Bardağı doldur- sinirlendirmek

Akışa uymak- Koşulların etkisine ve olayların gidişatına uymak

Perşembe günü yağmurun ardından- Asla. Deyimbilim, tanrı Perun'un (gök gürültüsü ve şimşek tanrısı) eski Slavlarının hürmetiyle ilişkilidir. Perşembe ona ithaf edildi. Hıristiyanlık döneminde bu ifade tam bir güvensizliği ifade etmeye başladı.

Bardağı taşıran son damla- bundan sonra olayların dönüşü gerçekleşir

Yangın, su ve bakır boruları geçirin- hayatın denemelerinden, zor durumlardan sağ çıkmak

beş para etmez- çok sayıda

Ölü bir atı kırbaçla- işe yaramaz iş Benzer şekilde:

Bir havanda pound su- yararsız, boş işlerle meşgul olmak

Jöle üzerinde yedinci su- uzak aile

Omurganın yedi metre altı- Başarılı ve engelsiz bir yol

Yüzünüzden su içmeyin- bir kişiyi dış verilere değil, içsel niteliklere veya daha az görünür olan diğer erdemlere aşık olmaya ikna ederler.

Uçlarını suda saklayın- suçun izlerini gizleyin.

Sudan daha sessiz, çimden daha alçak- mütevazı, göze çarpmayan davranmak

Ellerinizi yıkayın- Bir şeyden uzaklaşmak, bir şeyin sorumluluğunu üstlenmek.

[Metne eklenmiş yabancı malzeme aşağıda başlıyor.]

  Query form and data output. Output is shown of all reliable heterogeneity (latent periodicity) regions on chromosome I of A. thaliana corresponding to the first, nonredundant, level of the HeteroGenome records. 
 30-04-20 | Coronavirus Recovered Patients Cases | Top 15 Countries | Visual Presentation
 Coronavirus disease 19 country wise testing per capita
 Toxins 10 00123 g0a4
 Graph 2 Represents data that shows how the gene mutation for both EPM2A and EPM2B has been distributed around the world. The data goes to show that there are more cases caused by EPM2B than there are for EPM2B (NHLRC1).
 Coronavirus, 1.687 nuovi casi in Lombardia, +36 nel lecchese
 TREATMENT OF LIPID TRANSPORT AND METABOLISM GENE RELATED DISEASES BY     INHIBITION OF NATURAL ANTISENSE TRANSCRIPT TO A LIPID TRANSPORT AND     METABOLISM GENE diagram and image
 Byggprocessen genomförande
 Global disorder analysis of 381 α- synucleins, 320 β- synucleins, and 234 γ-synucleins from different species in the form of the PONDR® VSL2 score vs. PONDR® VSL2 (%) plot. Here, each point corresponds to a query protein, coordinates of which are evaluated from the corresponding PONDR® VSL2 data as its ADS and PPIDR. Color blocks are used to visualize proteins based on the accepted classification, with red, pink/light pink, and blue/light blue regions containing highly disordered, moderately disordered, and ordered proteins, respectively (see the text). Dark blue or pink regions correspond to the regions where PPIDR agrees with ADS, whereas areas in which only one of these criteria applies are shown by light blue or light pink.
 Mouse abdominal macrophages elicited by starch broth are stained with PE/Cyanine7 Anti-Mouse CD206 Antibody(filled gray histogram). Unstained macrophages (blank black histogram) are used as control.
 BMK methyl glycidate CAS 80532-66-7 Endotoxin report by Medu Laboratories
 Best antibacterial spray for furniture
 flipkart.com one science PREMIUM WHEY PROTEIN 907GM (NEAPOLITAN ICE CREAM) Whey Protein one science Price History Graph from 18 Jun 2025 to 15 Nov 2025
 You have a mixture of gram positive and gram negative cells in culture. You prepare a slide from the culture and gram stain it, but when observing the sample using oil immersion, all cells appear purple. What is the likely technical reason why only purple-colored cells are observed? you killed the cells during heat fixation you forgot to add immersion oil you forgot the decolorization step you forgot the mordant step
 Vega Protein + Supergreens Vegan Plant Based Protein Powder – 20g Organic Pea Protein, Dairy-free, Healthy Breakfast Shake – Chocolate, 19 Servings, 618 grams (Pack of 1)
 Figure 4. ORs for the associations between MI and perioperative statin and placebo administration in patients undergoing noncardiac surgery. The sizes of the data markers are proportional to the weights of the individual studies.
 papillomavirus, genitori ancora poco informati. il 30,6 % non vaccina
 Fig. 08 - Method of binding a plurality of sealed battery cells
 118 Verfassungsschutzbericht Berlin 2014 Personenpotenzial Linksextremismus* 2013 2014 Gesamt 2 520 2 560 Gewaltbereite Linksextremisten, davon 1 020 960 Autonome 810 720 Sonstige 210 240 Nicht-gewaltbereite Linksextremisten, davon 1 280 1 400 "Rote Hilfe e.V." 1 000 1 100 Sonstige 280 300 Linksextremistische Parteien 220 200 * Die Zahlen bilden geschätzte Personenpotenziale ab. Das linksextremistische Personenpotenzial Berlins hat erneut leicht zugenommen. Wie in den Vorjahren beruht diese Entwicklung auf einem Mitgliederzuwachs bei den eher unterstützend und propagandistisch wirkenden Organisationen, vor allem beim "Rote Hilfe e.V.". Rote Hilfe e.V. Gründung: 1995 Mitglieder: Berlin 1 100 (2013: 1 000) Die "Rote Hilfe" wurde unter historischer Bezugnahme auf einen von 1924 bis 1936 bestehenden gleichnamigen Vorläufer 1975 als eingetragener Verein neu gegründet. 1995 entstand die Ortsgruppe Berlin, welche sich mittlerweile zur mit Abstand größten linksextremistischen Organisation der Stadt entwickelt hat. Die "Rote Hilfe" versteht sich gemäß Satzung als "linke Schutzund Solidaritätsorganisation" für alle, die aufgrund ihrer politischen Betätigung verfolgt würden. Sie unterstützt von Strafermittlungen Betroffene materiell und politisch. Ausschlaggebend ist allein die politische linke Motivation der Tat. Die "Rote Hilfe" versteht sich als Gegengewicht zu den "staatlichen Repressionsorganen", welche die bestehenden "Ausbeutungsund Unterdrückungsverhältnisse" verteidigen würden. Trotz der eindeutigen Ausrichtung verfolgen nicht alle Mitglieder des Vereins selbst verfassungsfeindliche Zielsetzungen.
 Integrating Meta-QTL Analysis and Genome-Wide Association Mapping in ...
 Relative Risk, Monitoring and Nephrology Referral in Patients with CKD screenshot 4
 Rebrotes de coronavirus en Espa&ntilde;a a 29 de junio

Bazı eski halklarda, hakimler ve suçlayıcılar tarafsızlıklarının bir işareti olarak sembolik bir tören düzenlerlerdi: ellerini yıkarlardı. Bu ifade, İsa'nın idam edilmesini kabul etmek zorunda kalan Pilatus'un kalabalığın önünde ellerini yıkadığı ve "Ben bu Adil Olan'ın kanından masumum" dediği müjde efsanesi sayesinde yaygınlaştı.